Как указывает Л.М. Ермакова, в «Толковании» также заметно влияние древнекитайской мысли — не прямое, а опосредованное, через древние летописи, записи государевых указов (сэммё:) и другие источники, в которых впервые обсуждался государственный обряд.

 Происхождение и назначение обряда «Толкование» объясняет так:

«“Изгнание скверны жрецами Накатоми” — это Небесное молитвословие, слова молитвословия грузного[1], высокое повеление бога Идзанаки-но микото[2]. Благой завет, данный божеством Амэ-но Коянэ-но микото[3].

Но это еще более того — это обряд очищения сердца, санскритские речи Великого Дзидзайтэн[4], способ [достижения Просветления] всех Будд в Трех Мирах[5], Поле Счастья для всех живых существ, широкая мудрость, что берет начало в сердце, Великое учение, что всё — изначально чисто, это дарани, что прогоняет страх, это божественное волшебство, что изъясняет раскаяние за совершенные прегрешения.

В нем заключено всепобеждающее и величайшее благо, не имеющее границ и очертаний спасение, Учение для тех, кто в миру, и для тех, кто “покинул мир”[6], тайный способ избавиться от мучений и обрести радость.

 И долго жить — вместе с Небом-Землей, долго радоваться вместе с Солнцем-Луной[7]» [Синто 2002 I, 193–194].

 

[1]  Футоноритокото — молитвословие, с которым бог Амэ-но Коянэ обратился к богине Аматэрасу, когда она сокрылась в небесной пещере.

 

[2]  Он же Идзанаги, бог-прародитель.

 

[3]  Предок рода Накатоми.

 

[4]  Индийский бог Индра, почитаемый в «тайном учении».

 

[5]  В прошлом, настоящем и будущем.

 

[6]  То есть для монахов.

 

[7]   Древняя китайская формула, вошедшая в записи указов сэммё:. Кроме нее в «Толковании» есть и другие отсылки к китайской мысли: образы дракона и феникса, рассуждения о Великом Начале и т.д. [Науманн 1994, 26]

Текст «очищения», четко проводящий границу между чистым и нечистым, в «тайном» истолковании становится наставлением о всеобщей изначальной чистоте.
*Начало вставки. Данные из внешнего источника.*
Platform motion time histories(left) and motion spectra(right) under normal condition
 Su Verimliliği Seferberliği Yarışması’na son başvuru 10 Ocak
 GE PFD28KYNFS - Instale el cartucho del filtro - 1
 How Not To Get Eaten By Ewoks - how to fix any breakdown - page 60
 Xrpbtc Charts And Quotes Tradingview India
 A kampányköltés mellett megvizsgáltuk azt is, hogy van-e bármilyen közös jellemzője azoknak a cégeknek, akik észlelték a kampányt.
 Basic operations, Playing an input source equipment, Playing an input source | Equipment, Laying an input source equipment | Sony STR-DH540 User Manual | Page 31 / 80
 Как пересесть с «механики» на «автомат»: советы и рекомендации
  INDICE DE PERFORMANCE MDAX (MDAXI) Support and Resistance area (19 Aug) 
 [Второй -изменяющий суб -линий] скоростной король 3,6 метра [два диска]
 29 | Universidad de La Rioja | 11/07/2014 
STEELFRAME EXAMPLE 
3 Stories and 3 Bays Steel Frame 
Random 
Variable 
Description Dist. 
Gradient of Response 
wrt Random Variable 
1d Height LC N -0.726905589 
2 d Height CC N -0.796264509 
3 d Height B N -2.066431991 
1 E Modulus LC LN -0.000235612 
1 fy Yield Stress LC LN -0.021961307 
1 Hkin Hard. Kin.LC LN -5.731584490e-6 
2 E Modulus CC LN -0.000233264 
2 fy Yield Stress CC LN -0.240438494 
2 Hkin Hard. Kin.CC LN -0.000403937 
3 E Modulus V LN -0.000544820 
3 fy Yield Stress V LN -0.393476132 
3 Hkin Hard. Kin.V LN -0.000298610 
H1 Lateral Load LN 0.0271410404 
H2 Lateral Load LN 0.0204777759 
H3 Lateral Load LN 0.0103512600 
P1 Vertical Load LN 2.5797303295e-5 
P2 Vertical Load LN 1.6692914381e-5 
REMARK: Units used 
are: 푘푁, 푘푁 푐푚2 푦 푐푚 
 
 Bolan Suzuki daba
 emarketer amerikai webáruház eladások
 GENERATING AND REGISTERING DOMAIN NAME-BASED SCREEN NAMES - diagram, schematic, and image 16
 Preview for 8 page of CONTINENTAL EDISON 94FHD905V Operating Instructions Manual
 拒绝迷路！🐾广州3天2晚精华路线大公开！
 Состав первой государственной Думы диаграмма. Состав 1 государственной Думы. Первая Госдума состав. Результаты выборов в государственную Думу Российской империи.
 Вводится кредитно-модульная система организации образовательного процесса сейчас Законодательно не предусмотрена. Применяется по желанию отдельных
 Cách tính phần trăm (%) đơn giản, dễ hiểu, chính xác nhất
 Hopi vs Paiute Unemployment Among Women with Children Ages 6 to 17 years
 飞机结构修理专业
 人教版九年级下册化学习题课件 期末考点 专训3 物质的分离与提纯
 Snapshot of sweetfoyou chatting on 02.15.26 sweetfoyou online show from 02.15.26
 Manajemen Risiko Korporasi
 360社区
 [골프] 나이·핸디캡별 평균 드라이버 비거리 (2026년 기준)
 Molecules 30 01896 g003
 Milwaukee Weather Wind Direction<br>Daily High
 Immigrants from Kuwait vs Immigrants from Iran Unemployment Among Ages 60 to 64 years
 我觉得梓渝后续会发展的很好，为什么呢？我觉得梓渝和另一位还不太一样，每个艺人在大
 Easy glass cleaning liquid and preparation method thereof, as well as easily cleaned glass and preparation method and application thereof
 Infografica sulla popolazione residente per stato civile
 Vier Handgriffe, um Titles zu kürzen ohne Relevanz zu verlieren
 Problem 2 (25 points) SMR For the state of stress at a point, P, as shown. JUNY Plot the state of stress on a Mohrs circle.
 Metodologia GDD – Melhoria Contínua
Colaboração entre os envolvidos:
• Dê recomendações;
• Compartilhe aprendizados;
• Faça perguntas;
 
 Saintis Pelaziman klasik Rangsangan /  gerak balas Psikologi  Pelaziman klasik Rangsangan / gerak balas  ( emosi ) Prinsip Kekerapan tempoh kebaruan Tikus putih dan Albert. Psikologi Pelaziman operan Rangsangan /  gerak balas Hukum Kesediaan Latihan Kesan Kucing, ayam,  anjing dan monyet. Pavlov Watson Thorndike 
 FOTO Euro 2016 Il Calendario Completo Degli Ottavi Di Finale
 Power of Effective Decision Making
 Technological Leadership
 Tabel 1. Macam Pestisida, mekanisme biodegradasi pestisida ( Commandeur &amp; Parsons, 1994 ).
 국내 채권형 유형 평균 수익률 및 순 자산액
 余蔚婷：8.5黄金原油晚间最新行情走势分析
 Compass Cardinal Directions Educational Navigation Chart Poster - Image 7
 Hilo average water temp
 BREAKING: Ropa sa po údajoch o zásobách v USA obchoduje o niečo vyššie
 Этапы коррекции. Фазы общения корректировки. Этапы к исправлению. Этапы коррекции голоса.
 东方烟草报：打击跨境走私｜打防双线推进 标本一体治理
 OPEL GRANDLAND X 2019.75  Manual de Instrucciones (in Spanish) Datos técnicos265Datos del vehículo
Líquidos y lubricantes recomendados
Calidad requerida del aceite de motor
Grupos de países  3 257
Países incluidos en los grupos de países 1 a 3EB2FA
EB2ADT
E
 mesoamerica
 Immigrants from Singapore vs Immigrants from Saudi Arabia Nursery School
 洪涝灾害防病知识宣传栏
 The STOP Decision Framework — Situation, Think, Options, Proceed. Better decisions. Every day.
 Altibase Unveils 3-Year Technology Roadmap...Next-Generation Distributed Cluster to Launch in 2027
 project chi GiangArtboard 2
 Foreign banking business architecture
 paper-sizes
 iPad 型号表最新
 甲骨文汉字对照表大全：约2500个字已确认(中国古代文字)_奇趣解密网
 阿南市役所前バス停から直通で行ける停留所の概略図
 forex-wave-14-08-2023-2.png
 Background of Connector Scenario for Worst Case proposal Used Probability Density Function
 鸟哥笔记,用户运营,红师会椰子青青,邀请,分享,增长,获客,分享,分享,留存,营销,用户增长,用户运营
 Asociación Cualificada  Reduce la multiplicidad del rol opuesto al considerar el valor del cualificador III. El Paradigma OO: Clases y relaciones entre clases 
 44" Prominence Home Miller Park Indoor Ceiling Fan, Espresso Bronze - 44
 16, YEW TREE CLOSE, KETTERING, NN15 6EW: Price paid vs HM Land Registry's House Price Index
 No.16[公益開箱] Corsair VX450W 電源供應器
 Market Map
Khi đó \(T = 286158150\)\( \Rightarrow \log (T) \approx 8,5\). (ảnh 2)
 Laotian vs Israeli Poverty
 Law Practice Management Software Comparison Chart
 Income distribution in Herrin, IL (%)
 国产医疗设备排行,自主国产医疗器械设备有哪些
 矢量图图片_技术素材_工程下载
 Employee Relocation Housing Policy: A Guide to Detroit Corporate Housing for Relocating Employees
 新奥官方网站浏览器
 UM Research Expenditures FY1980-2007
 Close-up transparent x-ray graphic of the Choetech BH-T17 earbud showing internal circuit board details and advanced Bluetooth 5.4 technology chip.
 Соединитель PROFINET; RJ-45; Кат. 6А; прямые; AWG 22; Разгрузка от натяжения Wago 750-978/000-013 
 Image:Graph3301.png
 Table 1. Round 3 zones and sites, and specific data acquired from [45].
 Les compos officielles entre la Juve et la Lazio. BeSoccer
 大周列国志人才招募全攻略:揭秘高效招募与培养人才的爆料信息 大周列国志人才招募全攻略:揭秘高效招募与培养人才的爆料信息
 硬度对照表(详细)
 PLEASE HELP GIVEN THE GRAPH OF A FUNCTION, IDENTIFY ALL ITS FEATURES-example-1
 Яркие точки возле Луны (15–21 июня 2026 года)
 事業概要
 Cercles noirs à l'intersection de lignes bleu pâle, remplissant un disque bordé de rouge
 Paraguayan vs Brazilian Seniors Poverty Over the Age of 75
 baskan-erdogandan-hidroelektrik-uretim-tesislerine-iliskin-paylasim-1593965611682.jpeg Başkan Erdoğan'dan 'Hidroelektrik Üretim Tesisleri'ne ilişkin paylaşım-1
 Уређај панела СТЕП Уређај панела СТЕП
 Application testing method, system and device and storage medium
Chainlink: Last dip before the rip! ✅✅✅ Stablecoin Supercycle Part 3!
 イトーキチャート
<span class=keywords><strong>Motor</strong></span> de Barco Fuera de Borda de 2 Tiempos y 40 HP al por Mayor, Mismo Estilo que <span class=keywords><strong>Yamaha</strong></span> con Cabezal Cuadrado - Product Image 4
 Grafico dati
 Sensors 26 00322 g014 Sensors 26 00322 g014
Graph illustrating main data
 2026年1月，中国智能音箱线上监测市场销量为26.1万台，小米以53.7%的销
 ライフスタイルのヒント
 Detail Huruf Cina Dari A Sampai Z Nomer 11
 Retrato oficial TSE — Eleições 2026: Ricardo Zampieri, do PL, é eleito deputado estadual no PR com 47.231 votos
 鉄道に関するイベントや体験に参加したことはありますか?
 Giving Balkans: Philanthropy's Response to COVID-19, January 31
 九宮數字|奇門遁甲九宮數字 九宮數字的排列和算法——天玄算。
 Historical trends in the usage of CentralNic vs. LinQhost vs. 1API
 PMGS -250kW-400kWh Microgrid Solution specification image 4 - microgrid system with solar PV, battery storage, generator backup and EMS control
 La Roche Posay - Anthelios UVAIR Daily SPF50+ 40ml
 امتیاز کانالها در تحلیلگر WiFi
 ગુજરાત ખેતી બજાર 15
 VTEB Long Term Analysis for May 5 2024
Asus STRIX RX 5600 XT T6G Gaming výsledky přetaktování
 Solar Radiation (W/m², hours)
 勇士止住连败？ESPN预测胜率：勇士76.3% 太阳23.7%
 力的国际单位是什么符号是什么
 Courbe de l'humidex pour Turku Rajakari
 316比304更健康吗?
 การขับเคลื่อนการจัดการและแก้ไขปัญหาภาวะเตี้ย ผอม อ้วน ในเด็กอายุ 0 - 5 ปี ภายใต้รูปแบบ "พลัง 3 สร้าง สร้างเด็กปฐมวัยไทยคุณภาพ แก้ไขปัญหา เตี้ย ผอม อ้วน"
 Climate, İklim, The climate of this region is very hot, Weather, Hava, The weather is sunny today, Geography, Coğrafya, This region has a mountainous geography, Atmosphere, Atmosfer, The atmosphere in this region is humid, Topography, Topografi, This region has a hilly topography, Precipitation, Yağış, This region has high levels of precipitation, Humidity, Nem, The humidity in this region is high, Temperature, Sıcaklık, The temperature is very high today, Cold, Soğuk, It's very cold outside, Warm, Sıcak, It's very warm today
Обряд здесь уже не устанавливает чистоту, а выявляет ее — подобно тому как буддийское «тайное» подвижничество не делает человека буддой, а выявляет в нем природу будды, уже присущую каждому из людей.

В «Толковании» заметно влияние традиции Исэ. Божества, ответственные за перенос скверны в море и далее в «Страну корней», отождествляются с «мягкой» и «грубой» душами богини Аматэрасу, а также с богами вспомогательных святилищ Исэ [Тэйвин 1996, 89]. А значит, божества государственного обряда не только требуют чистоты от своего почитателя [1], но и помогают ее достичь. Такой подход вполне согласуется с «таинствами»: подобно буддам и бодхисаттвам, боги не просто принимают от людей обряд как некую службу, а еще и сами деятельно участвуют в нем.

[1]   Едва ли здесь можно говорить о «требовании» в смысле воли богов, высказанной напрямую. Однако имеется пример гнева Солнечной богини на прегрешения Сусаноо. Сокрытие богини и ее возвращение в мир составляют главный прообраз государственного обряда, и прообраз скверны, изгоняемой при «Великом очищении» — это именно прегрешения Сусаноо.

В этом памятнике можно выделить не только рассуждения, подобные буддийским, но и прямые отсылки к буддийскому учению. Согласно «Толкованию», хотя очищение внешне кажется небуддийским обрядом, однако внутренне оно защищает Закон Будды. Боги мыслятся как «души» будд, кон/тама, а будды — как «природа» богов, сё:. Чистота здесь — это прежде всего чистота сердца, в котором пребывает будда, а нечистота — неведение, причина круговращения в мире рождений и смертей [Науманн 1994, 24].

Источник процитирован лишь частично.